Chapter 8: Waveguides for neutral atoms using evanescent light fields

The fourth and final part is a self-contained proposal for a new design of coherent atom waveguide, using the forces exerted on atoms by near-resonant laser fields. As an independent project, it does not connect directly with other theoretical work in this thesis. However it shares many common themes: the motion of atoms in the trapping potential is a 2D quantum bound mode problem (in a smooth potential), and the optical waveguide bound mode calculation is also similar to this same problem (dielectric constant playing the role of a negative potential). Because the optical `potential' is not hard-walled, and because the fields are vector rather than scalar, the efficient methods of Chapter 5 or 6 do not apply; rather Finite Elements[56] will be used.

There has been much recent progress in the trapping and cooling of neutral atoms, opening up new areas of ultra-low energy and matter-wave physics [45,51,159]. Waveguides for such atoms are of great interest for atom optics, atom interferometery, and atom lithography. Multimode atom waveguides act as incoherent atom pipes that could trap atoms, transport them along complicated paths or between different environments, or deliver highly localized atom beams to a surface. Single-mode waveguides (or multimode guides populated only by atoms in the transverse ground-state) could be used for coherent atom optics and interferometry [151,2], as well as a tool for one-dimensional physics such as boson-fermion duality [190,152,44] and low-dimensional Bose-Einstein condensation effects [115].

In Chapter 8 we propose a dipole-force linear waveguide which confines neutral atoms up to $\lambda/2$ above a microfabricated single-mode dielectric optical guide. The optical guide carries far blue-detuned light in the horizontally-polarized TE mode and far red-detuned light in the vertically-polarized TM mode, with both modes close to optical cut-off. A trapping minimum in the transverse plane is formed above the optical guide due to the differing evanescent decay lengths of the two modes. This design allows manufacture of mechanically stable atom-optical elements on a substrate.

We find that a rectangular optical guide of 0.8$\mu$m by 0.2$\mu$m carrying 6mW of total laser power (detuning $\pm$15nm about the D2 line) gives a trap depth of 200$\mu$K for cesium atoms ($m_F = 0$), transverse oscillation frequencies of $f_x = 40$kHz and $f_y = 160$kHz, collection area $\sim 1\,\mu$m$^{2}$ and coherence time of 9ms. The laser powers required are orders of magnitude less than those commonly needed for dipole traps. The large tranverse frequencies achieved allow the possibility of atomic single-mode occupation (hence coherent guiding) when fed from a source at cesium MOT temperature ( $\approx 3\mu K$). We present design equations allowing optimal parameter choices to be made. We also discuss the effects of non-zero $m_F$, the D1 line, surface interactions, heating rate, the substrate refractive index $n_s$, and the limits on waveguide bending radius. It emerges that lowering $n_s$ is the main goal if large trap depths are desired of order an optical wavelength from the guide surface.

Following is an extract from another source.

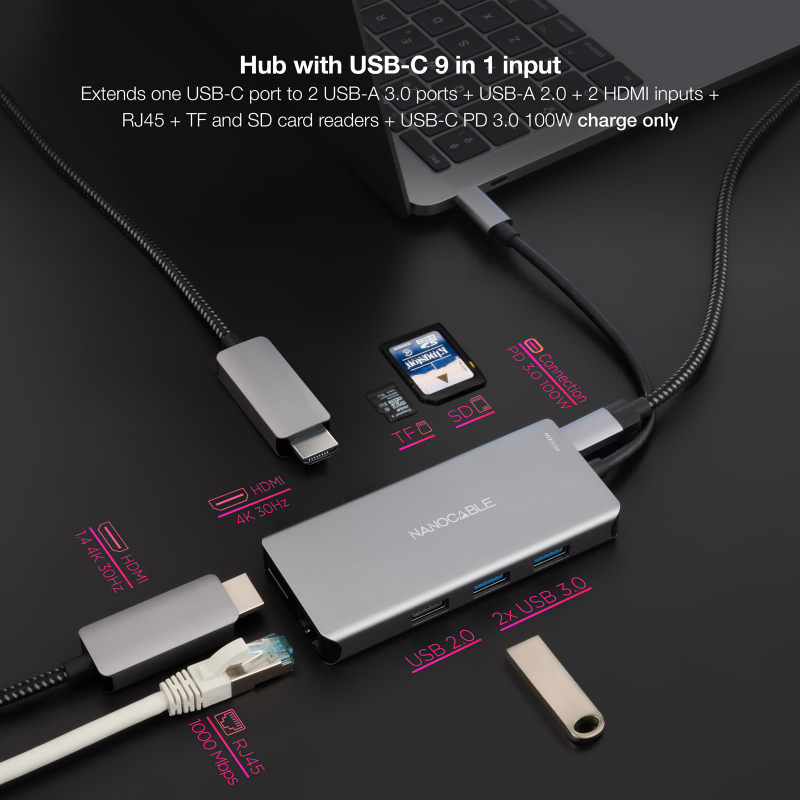 HUB USB-C 9 PUERTOS USB 3.2 15 CM NANOCABLE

As known in the engineering community, the optical bound mode problem is notoriously hard [56]. We calculate the full vector bound modes for an arbitrary guide shape using two-dimensional non-uniform finite elements in the frequency-domain, allowing us to optimize atom waveguide properties. We chose rectangular guide cross-sections for this optimization, for simplicity. There are many other shapes possible; the fabrication technique will be the determining factor on what is practical.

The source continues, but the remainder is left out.